But it’s no longer particularly fashionable to ask these kinds of questions. For the past half-century or so, the human sciences have moved away from their search for grand unifying theories. Instead they’re much more likely to take the opposite tack, nibbling away at the imperial universality of big concepts, trying to see them in less grandiose terms. Rather than wonder why Aztec and Christian cosmologies had so much in common, you might ask how particular sacrificial rites were affected by fluctuations in local corn markets.

René Girard, however, was not one for nibbling.

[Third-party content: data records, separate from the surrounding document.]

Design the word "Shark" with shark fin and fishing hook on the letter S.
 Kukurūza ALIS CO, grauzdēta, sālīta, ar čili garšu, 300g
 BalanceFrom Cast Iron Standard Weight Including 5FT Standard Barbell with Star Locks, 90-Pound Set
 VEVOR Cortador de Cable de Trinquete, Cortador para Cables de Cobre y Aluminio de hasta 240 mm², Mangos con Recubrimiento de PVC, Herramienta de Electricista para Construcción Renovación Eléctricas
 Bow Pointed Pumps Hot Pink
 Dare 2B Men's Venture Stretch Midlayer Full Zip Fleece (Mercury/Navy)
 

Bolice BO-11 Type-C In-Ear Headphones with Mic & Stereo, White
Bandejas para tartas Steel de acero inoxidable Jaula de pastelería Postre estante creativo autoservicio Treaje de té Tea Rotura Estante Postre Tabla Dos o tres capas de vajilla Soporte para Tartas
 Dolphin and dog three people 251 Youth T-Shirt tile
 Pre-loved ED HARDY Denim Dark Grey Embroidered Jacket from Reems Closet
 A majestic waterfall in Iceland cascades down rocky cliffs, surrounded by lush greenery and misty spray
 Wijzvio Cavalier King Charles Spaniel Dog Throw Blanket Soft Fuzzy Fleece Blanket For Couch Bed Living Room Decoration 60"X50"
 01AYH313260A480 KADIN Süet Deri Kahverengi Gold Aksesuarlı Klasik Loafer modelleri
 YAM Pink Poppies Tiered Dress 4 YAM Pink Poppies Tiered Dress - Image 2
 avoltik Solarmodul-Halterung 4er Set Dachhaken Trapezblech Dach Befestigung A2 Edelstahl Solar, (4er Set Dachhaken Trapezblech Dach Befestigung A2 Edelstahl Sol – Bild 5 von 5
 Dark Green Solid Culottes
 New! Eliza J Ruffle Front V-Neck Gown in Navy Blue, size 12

According to Girard, who died in 2015, understanding the secret of sacrifice allows one insight into the ways in which vast swathes of culture have developed the way they have.

A detail from the Ghent Altarpiece, 1432, by Hubert and Jan van Eyck © Art in Flanders/Purchased with the Director’s Discretionary Fund, 1970/Bridgeman Images

A detail from the Ghent Altarpiece, 1432, by Hubert and Jan van Eyck © Art in Flanders/Purchased with the Director’s Discretionary Fund, 1970/Bridgeman Images

Girard’s ideas are strange, but their afterlife is stranger still. For most of his career, he worked as a professor of French and comparative literature. Among his students at Stanford was Peter Thiel. The billionaire venture capitalist is now a relentless evangelist for his old teacher’s ideas: he funds a project called Imitatio to support further research into mimetic theory, and his much-lauded business book Zero to One taps into a deep vein of Girard’s thoughts. Girard was frequently written up in publications with names like strategy+business, so that the deeply idiosyncratic theorist suffered a transformation into a kind of business philosopher: full of smart, actionable insights to boost your start-up career. Which might not be a bad thing. If budding capitalists are busy grappling with long analyses of Sophocles and Shakespeare, at the very least it might slow them down.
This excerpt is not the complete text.